> TASK DESCRIPTION
Please retype the records below exactly, omitting any images.

> AVAILABLE DATA
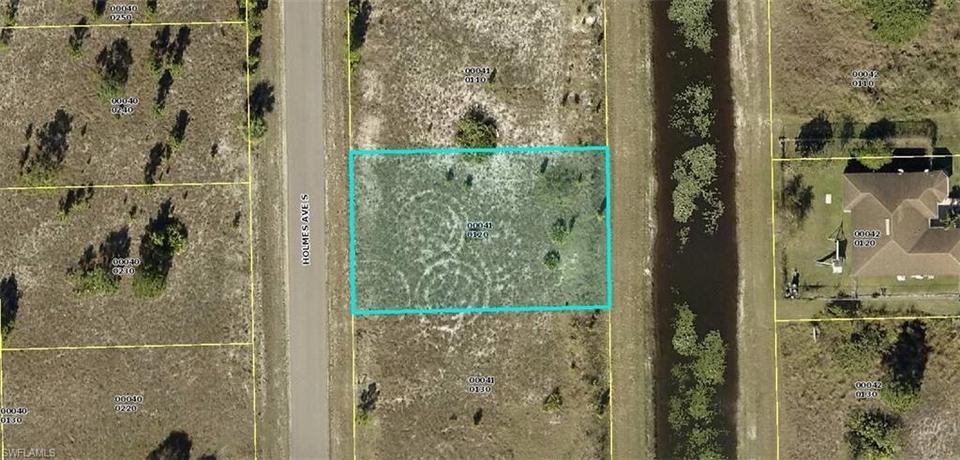  1149 Holmes Ave S, Lehigh Acres, FL 33974 photo 1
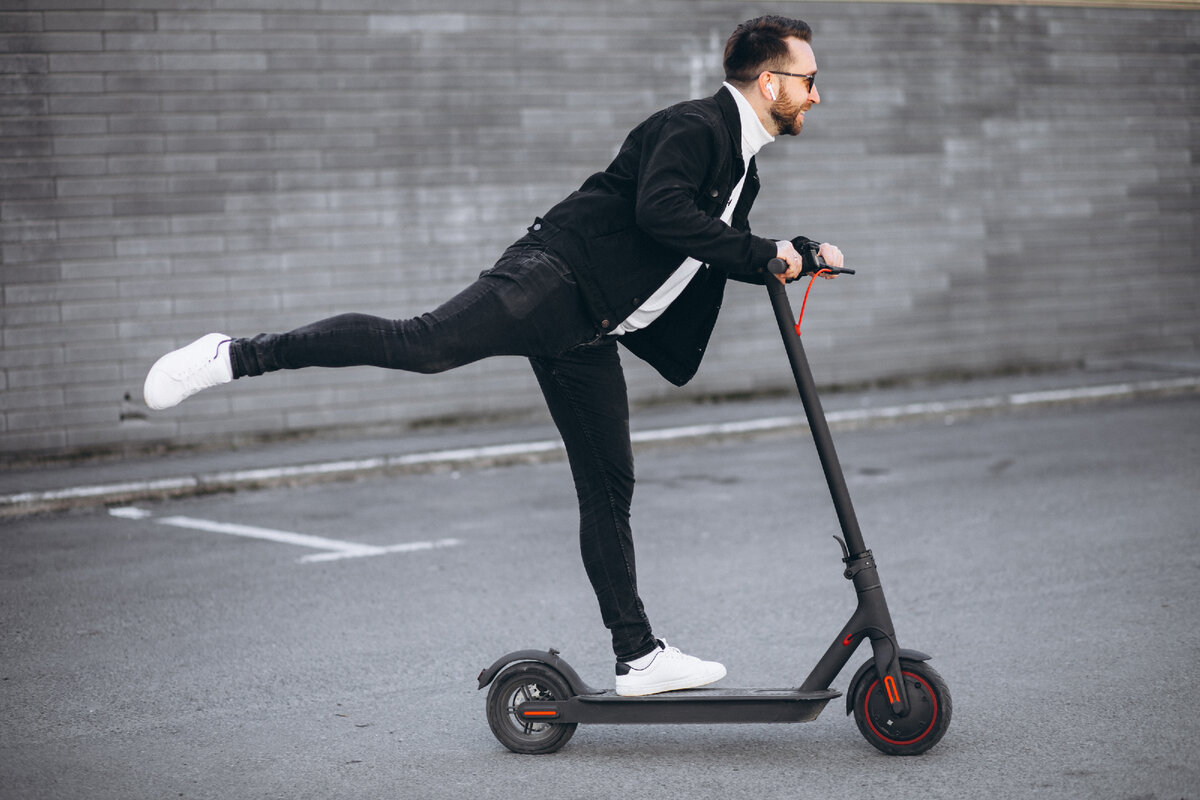 <a href='https://www.freepik.com/photos/electric-scooter'>Electric scooter photo created by senivpetro - www.freepik.com</a> 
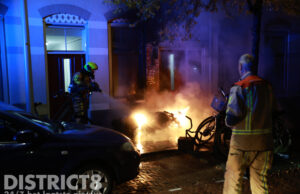 Flinke vlammen nadat geparkeerde motor in brand vliegt Smitstraat Den Haag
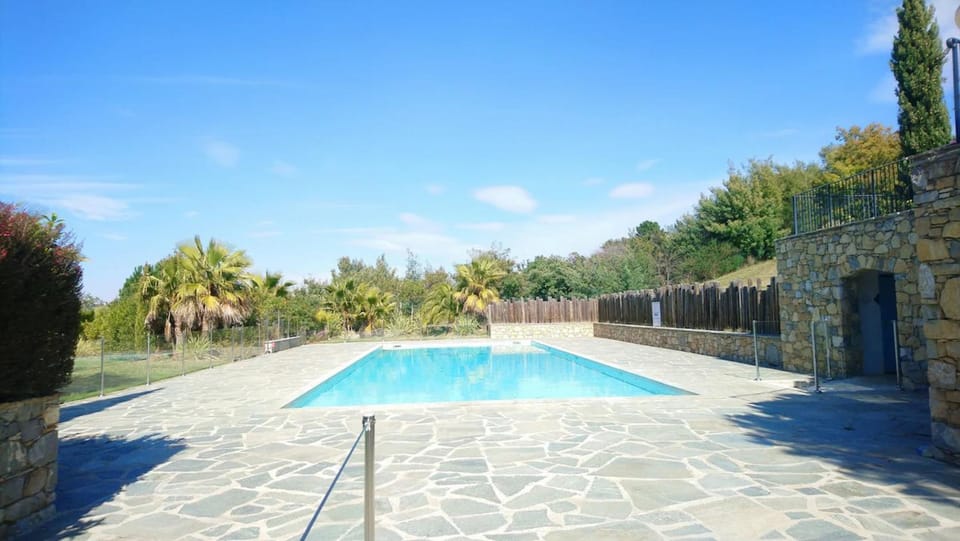 Day, Swimming pool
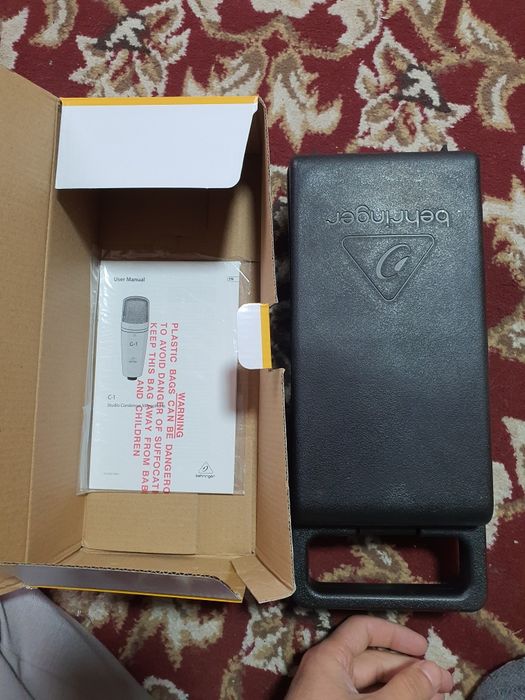 Mikrafon studiyeniy c1 behringer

> YOUR RESPONSE
  1149 Holmes Ave S, Lehigh Acres, FL 33974 photo 1
 <a href='https://www.freepik.com/photos/electric-scooter'>Electric scooter photo created by senivpetro - www.freepik.com</a> 
 Flinke vlammen nadat geparkeerde motor in brand vliegt Smitstraat Den Haag
 Day, Swimming pool
 Mikrafon studiyeniy c1 behringer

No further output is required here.